New Zealand wool carpet manufacturer

Bremworth Limited (formerly Cavalier Corporation) is a New Zealand company specializing in the manufacture of broadloom wool carpet. Floated in 1984, the company was once included in the NZX 50 share index, as one of New Zealand's 50 largest public companies.
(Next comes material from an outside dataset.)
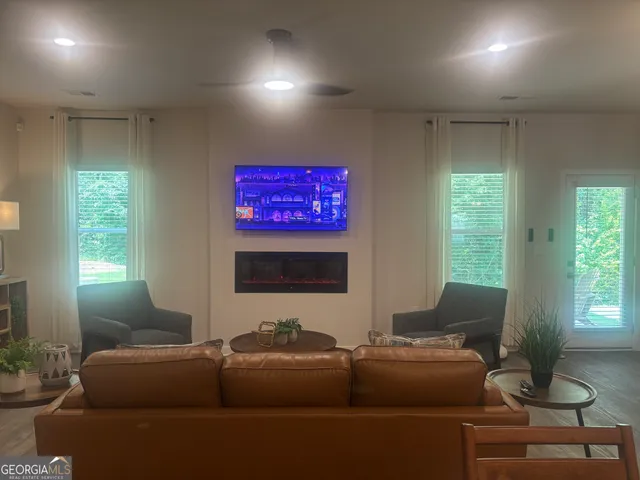 a living room with furniture a dining table and kitchen view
It left the NZX50 due to a low market capitalisation in January 2013.

==History==
Doug Bremner formed the Bremworth Carpet Company and established a small carpet factory in Papatoetoe, Auckland, in 1959. UEB Industries bought the company in 1967. Tony Timpson and Grant Biel left UEB and formed Cavalier Carpets as an all-wool carpet manufacturer in Wiri, Auckland, in 1972. Cavalier Carpets bought Bremworth Carpet from New Zealand Equities in 1988, and the merged companies rebranded as Cavalier Bremworth in 1991. The parent company, Cavalier Corporation, changed its name to Bremworth Ltd in 2021.

==Group holdings==
- 100% ownership of Bremworth Carpets and Rugs Limited, which has representation across Australia and New Zealand as well as a carpet manufacturing plant in Auckland.
- 100% ownership of Bremworth Spinners, which operates yarn spinning plants in Napier and Whanganui.
- 100% ownership of Elco Direct Ltd., a wool procurement company.